Le coût d’une catastrophe… 430 milliards d’€ mais…combien de vies humaines ?

Il y a 2 ans, à la sortie d’un long hiver, Hiro, Fuma, Mitsu, Toshi, Misaki attendaient avec impatience auprès de leurs familles, de leurs amis, de leur amour, la fête du printemps, l’approche de la fête du printemps, la fête des cerisiers en fleurs, « Sakura Hanami ».

C’est une fête un peu spéciale chez nos amis Japonais, plus de hiérarchie, plus de protocole, chacun compte pour « 1 » et compte au moins pour « 1 », … et chacun, simplement admire et reçoit le miracle des cerisiers en fleurs.

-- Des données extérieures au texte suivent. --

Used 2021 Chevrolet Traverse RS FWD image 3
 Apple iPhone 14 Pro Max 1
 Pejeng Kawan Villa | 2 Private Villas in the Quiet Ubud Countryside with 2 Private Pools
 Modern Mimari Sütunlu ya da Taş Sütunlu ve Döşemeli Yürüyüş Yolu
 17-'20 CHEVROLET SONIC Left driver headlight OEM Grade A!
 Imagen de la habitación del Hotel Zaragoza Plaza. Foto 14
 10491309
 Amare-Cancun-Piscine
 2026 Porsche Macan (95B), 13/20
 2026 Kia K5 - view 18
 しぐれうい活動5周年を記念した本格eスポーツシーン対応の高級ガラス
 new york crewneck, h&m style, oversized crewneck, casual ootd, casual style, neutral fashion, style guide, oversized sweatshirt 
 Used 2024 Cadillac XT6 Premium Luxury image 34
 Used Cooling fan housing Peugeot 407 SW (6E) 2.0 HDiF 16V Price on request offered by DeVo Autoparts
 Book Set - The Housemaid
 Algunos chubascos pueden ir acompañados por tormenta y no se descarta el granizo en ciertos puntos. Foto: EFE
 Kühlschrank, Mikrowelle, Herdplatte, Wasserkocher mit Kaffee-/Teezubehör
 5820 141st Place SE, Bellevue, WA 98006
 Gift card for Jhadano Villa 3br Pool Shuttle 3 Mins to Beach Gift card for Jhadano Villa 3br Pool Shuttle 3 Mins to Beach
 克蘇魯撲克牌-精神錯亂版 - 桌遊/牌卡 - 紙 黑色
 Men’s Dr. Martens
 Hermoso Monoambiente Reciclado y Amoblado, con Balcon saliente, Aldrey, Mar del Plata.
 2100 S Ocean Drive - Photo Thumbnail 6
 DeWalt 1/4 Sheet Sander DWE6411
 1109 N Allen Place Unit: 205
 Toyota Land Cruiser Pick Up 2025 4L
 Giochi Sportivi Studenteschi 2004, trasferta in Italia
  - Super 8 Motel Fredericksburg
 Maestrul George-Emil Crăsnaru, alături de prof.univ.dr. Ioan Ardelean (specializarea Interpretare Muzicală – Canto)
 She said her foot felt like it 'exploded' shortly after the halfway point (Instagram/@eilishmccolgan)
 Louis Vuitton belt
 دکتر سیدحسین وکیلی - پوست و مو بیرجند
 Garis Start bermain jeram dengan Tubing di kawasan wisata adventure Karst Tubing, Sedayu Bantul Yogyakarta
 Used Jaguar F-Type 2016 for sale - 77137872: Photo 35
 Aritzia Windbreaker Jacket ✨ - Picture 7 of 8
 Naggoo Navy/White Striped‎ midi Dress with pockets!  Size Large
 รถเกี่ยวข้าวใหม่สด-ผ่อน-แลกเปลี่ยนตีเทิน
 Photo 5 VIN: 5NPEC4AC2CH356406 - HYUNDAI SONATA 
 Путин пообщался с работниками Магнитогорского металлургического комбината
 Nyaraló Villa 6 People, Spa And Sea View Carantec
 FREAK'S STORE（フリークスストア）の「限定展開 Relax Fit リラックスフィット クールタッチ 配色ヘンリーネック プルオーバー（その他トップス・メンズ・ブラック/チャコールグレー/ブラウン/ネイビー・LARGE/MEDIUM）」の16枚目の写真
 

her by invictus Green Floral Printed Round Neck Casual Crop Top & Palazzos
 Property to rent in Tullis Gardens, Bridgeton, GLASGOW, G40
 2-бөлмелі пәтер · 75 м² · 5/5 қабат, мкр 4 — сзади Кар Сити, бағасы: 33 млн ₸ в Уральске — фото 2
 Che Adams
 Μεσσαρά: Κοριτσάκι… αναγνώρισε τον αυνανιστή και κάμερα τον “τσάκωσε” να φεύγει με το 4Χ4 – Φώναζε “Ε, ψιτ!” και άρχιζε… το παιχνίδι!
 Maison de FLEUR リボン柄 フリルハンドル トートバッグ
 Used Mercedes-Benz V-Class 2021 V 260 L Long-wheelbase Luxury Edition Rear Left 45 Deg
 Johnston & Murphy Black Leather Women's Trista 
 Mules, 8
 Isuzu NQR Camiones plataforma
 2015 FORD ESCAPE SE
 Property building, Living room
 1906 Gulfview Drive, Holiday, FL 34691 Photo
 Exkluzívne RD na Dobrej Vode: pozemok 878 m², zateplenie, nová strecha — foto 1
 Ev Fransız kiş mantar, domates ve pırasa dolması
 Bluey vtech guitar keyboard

Un tsunami avec son décompte précis de morts et de blessés, de disparus, a brusquement interrompu les préparatifs de fête, il y a 2 ans.
Dans la suite, un ensemble industriel de production nucléaire a produit  une catastrophe historique, sans décompte précis de morts et de blessés, de disparus.
La catastrophe naturelle contre laquelle on peut si peu de choses a été suivi d’une catastrophe dont l’origine est l’intervention humaine et contre laquelle l’homme pouvait tout, contre la répétition de laquelle, l’homme peut tout.
Alors, avant d’argumenter, je veux simplement envoyer un signe aujourd’hui à Hanoka, Hiraku, Minami, Ayumi, Yuka, à leur famille, à leurs amis, à leur amour, tous  mes souhaits d’une fête pacifique des « Sakura Hanami » en 2013.

Bonne fête !


Mais il faut argumenter parce que ce matin, les nouvelles ne sont pas bonnes.

1) Le coût en France d’une catastrophe type Fukushima

On nous annonce qu’une catastrophe du type « Fukushima » coûterait à la France entre 250 et 1 000 milliards d’euros, 430 milliards en coût médian (attention à ne pas confondre avec le coût moyen s’il vous plaît).
C’est 4 fois et demi le déficit annuel de la France. Autrement dit, notre pays serait ruiné mais on ergote toujours et des forces considérables dans notre société continuent à prôner une industrie non seulement fondée sur l’énergie nucléaire mais aussi sur l’exportation des centrales nucléaires.
Je reviendrai sur cette question du coût mais le plus incroyable n’est pas le coût, c’est l’absence de prévision du  bilan humain de la catastrophe. Du moins, la presse, à ma connaissance, n’en fait aucun état. Si l’étude elle-même en fait état, il serait bon que les auteurs le fasse connaître au large public.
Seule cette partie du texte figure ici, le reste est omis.